Beware the Eavesdropper - JHU Engineering Magazine

In the past decade, millions of people have begun to use Voice Over Internet Protocol (VOIP) services that route their telephone calls over the Internet. Because the public nature of the Internet makes eavesdropping relatively easy, VOIP providers are increasingly encrypting the conversations to protect users’ privacy.

But the encryption scheme has a weak spot, according to Whiting School computer scientists. Although the words will be garbled, a clever eavesdropper will be able to figure out what language is being spoken. And the researchers suspect that the encryption scheme in some circumstances might “leak” even more information, such as who is talking.

In the arcane world of encryption a vulnerability that gives this much information away is a pretty big deal.

“We can’t be naive about how determined or dedicated the attacker can be. Information, even in small amounts, if gathered in a timely way can have enormous benefits [to the eavesdropper],” says Gerald M. Masson, a professor in the Department of Computer Science and director of the Johns Hopkins University Information Security Institute.

Of course, intelligence services might want to use the newfound knowledge to zero in on potential terrorists. But corporate spies might also use it against competitors—perhaps getting a heads up about the location of a new plant based on the language being spoken in eavesdropped phone calls.

Masson, along with associate professor Fabian Monrose and graduate students Charles V. Wright and Lucas Ballard, showed that weaknesses in VOIP encryption let them make pretty good guesses about what language the conversations are being conducted in, even though the actual words remained obscure. They presented their findings at the 16th Usenix Security Conference in Boston last August.

Here’s the problem the researchers discovered: To send a phone call over the Internet, VOIP software first converts the analog signal to a digital one. To save bandwidth, most software uses a trick called Variable Bit Rate encoding— each 20 millisecond “frame” of the conversation is encoded using only as many bits as are needed to convey the information. For instance, a frame that contains a vowel sound will contain more bits than one that contains a consonant like an ‘s’.

Before these frames are sent over the Internet they can be encrypted. But the encryption doesn’t hide the size of each frame. What the researchers showed is that an attacker who intercepts the conversation can do a statistical analysis of the frame sizes, and use that analysis to make a good guess about what language is being spoken.

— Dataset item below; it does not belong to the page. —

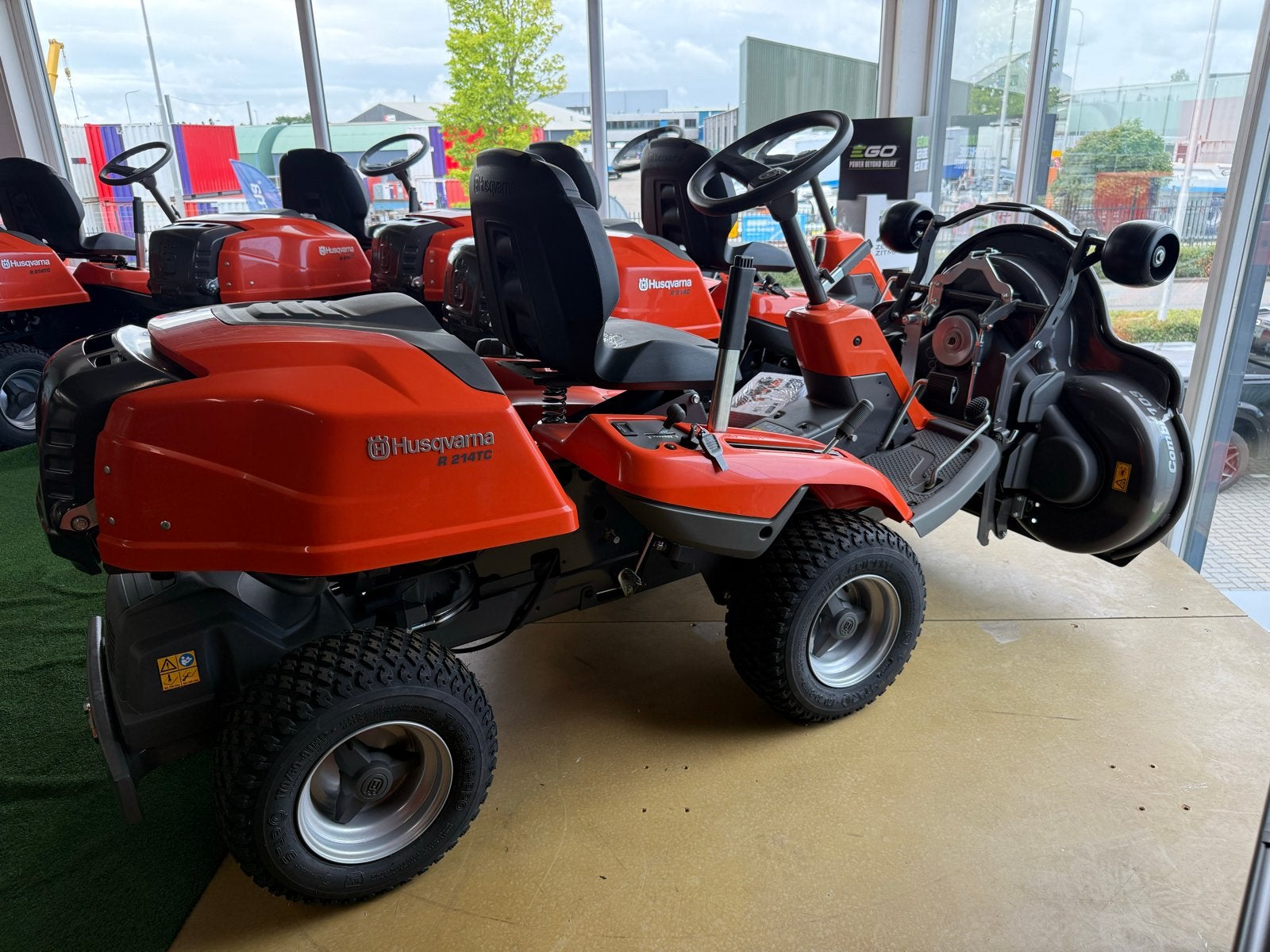 Husqvarna Zitmaaiers: TS112, R214C, R214TC Hoge kortingen!!, Ophalen, Husqvarna, 90 tot 120 cm, Info@hordentuinmachines.nl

The researchers did it themselves, making encrypted VOIP calls between their own computers and playing files from a dataset of native speakers of 21 different languages. Using their technique, they could correctly classify the language being spoken at a much better rate than random guessing. For instance, they could correctly predict if Indonesian was being spoken 40 percent of the time, and Russian and Tamil 35 percent of the time. On average the correct language was one of the top four guesses more than 50 percent of the time.

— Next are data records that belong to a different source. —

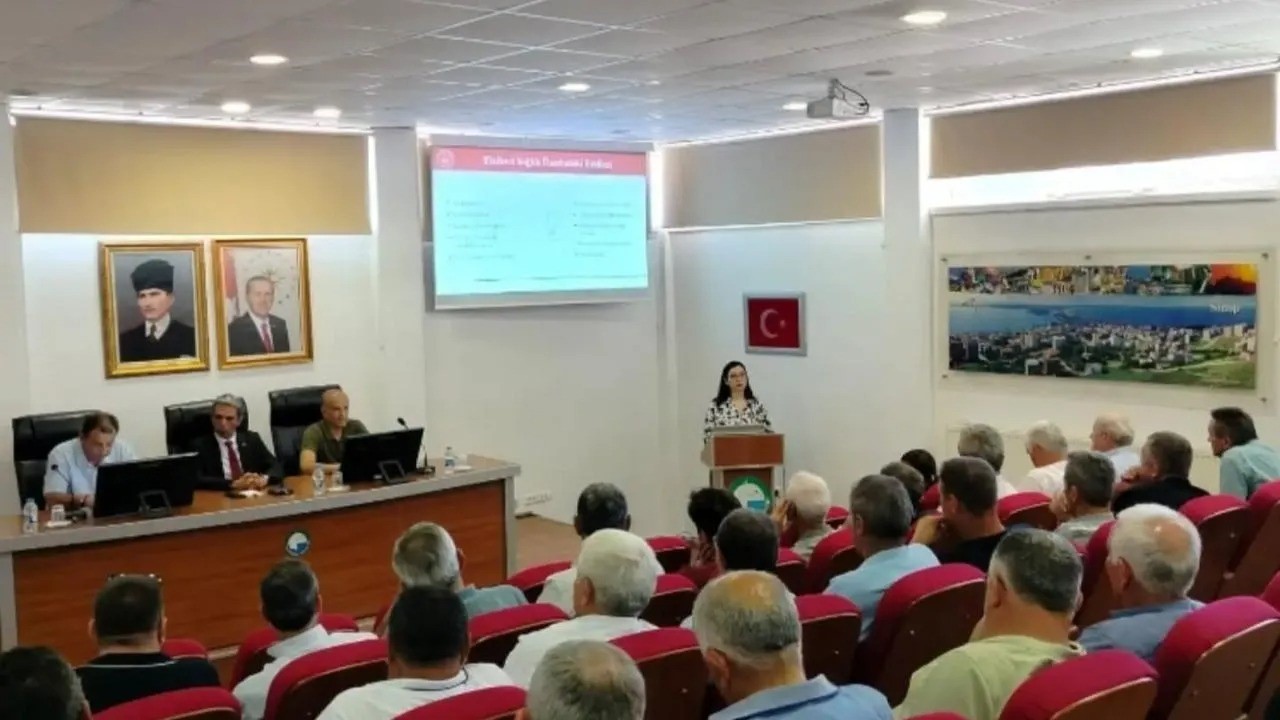 Sinop’ta muhtarlara sosyal hizmetler ve ŞÖNİM bilgilendirmesi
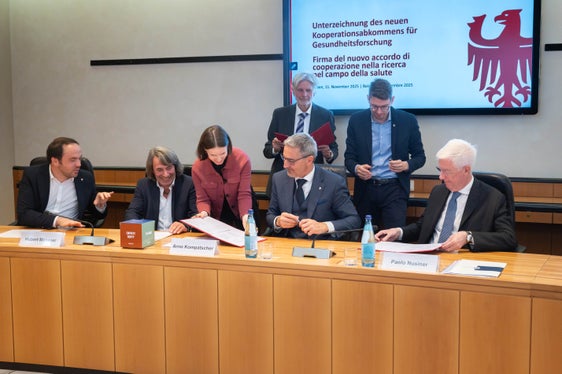 Vorne von links nach rechts: Forschungslandesrat Philipp Achammer, Gesundheitslandesrat Hubert Messner, Landeshauptmann Arno Kompatscher und der Generaldirektor der Università Cattolica del Sacro, Cuore Paolo Nusiner, bei der Unterzeichnung des Abkommens für die gemeinsame Forschung im Bereich Gesundheit sowie (hinten von links nach rechts) Mara Mantinger, Samuel Vieider und Koordinator Horand Meier. (Foto: LPA/Greta Stuefer)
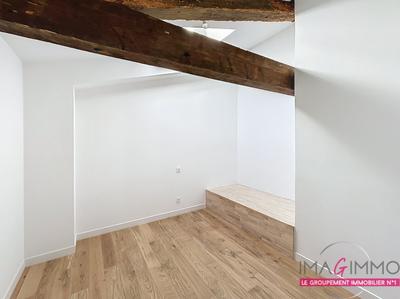 Maison - 98 m² - 4 pièces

The software did even better in choosing between two given languages, such as Spanish and English. In 75 percent of the pairings, the technique predicted between two languages with 70 percent or greater accuracy.

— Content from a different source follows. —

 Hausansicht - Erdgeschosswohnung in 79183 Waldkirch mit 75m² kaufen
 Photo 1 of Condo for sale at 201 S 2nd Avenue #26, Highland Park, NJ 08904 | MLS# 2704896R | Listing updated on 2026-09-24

The researchers suspect that encrypted VOIP might leak even more information. For instance, an attacker might be able to tease out enough information about the voices speaking to tell if a particular person was involved. “I think that in general this technology would only have special purpose applications. But that one-tenth of one-tenth of the time where it can provide a slight advantage can have a lot of value,” Masson says.

— Kurt Kleiner